▶ **YOUR INSTRUCTIONS**
Find the string "Open" in the listing below and return each line it appears in.

▶ **GIVEN RECORDS**
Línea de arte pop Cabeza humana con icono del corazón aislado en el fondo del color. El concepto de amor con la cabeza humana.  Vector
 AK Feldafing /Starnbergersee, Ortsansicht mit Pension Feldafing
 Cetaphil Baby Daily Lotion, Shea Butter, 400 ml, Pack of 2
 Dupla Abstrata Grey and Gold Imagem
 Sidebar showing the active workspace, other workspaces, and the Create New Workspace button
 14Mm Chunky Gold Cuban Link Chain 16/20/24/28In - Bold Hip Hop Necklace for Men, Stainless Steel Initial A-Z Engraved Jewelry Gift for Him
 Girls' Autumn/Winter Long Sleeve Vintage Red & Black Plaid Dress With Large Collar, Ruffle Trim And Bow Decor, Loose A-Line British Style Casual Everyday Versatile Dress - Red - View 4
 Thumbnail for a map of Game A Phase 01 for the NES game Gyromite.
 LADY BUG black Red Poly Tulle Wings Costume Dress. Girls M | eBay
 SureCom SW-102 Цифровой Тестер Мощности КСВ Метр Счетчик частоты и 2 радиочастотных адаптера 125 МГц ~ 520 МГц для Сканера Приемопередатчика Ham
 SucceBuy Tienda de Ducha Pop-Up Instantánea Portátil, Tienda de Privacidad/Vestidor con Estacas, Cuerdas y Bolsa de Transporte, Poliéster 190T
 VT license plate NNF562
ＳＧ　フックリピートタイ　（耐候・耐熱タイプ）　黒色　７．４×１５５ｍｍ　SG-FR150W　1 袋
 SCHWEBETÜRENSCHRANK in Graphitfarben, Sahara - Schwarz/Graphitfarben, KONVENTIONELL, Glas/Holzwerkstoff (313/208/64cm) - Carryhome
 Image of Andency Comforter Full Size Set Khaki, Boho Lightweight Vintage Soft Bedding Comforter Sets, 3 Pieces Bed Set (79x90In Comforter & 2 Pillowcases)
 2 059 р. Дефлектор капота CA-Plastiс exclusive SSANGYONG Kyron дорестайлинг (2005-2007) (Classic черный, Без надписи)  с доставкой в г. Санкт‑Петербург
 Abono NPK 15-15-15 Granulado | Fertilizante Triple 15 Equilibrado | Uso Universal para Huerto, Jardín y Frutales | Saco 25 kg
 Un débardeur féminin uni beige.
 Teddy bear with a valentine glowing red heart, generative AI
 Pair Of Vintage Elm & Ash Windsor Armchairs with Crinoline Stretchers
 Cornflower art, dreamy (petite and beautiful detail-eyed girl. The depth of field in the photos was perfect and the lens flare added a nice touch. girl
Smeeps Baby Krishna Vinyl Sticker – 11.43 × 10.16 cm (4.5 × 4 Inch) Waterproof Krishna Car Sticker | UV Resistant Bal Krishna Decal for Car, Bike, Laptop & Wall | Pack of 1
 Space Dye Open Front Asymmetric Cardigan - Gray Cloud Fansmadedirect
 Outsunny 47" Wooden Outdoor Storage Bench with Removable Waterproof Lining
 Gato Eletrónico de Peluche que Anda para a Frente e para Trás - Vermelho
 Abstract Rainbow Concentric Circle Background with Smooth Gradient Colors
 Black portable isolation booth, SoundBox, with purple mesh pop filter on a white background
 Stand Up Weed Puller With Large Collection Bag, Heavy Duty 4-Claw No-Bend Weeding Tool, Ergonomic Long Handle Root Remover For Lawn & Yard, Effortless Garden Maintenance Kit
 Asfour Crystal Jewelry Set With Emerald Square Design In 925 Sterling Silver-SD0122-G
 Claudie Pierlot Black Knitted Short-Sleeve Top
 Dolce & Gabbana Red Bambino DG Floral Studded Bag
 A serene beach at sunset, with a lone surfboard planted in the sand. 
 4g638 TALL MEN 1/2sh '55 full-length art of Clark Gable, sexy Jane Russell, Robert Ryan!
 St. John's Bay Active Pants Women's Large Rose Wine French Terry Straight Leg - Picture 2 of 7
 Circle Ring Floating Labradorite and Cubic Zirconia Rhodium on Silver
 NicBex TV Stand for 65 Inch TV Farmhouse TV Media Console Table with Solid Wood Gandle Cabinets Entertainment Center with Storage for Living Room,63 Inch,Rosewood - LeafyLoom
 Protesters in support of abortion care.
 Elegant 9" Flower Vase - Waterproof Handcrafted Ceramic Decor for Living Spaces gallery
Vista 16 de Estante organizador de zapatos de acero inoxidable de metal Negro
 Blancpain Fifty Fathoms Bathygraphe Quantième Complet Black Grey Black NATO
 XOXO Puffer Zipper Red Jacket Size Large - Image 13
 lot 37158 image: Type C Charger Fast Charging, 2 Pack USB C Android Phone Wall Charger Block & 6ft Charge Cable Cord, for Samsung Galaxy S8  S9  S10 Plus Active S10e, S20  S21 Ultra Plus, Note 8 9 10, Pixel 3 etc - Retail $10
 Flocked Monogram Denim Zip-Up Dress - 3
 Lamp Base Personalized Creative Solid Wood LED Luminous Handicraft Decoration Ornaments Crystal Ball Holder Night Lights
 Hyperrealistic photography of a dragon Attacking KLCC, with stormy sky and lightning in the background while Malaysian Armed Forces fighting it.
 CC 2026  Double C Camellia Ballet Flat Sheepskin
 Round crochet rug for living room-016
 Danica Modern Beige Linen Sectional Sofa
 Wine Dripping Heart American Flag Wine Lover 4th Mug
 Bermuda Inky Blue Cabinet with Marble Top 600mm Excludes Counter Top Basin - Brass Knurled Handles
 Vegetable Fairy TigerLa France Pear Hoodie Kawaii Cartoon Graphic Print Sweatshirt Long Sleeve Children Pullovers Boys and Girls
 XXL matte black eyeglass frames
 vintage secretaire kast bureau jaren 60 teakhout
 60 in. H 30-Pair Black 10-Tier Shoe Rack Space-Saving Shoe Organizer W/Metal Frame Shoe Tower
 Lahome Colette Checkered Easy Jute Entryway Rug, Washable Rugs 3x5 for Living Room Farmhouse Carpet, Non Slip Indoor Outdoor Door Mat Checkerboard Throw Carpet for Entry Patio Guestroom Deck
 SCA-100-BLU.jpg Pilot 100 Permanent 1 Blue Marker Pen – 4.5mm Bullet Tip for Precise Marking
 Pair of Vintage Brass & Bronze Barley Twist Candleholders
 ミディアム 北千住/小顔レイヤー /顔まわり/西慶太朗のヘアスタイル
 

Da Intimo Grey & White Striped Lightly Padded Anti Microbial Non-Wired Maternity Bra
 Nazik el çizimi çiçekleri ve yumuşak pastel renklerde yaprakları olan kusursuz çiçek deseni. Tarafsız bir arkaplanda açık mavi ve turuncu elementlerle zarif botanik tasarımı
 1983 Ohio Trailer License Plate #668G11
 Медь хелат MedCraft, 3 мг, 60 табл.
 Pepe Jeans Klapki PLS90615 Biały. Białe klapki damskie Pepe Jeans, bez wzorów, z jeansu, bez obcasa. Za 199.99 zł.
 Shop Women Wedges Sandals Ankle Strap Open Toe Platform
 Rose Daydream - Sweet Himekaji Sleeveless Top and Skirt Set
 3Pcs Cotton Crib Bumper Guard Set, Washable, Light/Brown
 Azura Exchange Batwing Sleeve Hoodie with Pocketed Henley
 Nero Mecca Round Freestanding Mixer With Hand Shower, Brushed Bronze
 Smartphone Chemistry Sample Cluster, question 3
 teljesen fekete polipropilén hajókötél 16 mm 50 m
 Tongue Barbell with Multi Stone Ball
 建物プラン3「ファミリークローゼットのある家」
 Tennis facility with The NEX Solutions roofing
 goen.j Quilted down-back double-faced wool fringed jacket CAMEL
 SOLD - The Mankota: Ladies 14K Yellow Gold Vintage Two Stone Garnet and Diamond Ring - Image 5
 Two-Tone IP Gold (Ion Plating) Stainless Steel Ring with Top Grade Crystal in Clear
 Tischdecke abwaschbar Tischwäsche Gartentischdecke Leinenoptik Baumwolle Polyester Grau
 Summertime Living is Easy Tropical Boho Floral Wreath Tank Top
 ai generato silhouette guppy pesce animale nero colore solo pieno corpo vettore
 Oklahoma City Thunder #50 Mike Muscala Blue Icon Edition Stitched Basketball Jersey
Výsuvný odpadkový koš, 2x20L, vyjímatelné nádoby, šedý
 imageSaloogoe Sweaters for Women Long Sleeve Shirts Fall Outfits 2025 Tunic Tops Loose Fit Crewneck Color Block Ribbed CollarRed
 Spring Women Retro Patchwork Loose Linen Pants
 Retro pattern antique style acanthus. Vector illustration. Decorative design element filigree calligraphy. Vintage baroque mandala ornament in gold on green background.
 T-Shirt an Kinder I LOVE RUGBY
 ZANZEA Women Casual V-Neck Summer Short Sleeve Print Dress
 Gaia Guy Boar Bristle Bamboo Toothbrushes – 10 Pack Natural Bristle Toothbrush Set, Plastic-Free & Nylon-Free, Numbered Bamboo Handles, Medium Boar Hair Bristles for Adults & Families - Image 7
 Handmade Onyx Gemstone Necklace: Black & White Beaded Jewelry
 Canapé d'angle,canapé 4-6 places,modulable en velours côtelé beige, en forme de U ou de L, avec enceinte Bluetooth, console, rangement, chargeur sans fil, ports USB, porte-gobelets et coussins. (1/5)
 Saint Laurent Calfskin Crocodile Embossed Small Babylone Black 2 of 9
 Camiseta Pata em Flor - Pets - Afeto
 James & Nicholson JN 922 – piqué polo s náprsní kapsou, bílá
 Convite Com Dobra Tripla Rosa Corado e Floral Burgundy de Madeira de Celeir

▶ **ANSWER TO THE EXERCISE**
 Space Dye Open Front Asymmetric Cardigan - Gray Cloud Fansmadedirect
 Shop Women Wedges Sandals Ankle Strap Open Toe Platform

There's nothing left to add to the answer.